WHAT TO WORK ON: Set down, please, without alteration, the lines of the entries below from the first through the one containing "Bar - view 33".

====================

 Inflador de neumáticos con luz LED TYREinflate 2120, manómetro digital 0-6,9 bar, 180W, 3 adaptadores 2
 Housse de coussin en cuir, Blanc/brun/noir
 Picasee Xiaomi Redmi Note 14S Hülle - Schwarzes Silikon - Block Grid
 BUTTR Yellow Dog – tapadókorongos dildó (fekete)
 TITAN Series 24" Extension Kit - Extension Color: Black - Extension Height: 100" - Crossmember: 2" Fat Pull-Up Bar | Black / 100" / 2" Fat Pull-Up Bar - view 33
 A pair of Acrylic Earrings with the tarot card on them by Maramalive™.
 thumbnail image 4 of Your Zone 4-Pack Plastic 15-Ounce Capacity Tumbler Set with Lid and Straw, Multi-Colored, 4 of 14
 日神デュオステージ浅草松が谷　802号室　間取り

====================

SOLUTION:
 Inflador de neumáticos con luz LED TYREinflate 2120, manómetro digital 0-6,9 bar, 180W, 3 adaptadores 2
 Housse de coussin en cuir, Blanc/brun/noir
 Picasee Xiaomi Redmi Note 14S Hülle - Schwarzes Silikon - Block Grid
 BUTTR Yellow Dog – tapadókorongos dildó (fekete)
 TITAN Series 24" Extension Kit - Extension Color: Black - Extension Height: 100" - Crossmember: 2" Fat Pull-Up Bar | Black / 100" / 2" Fat Pull-Up Bar - view 33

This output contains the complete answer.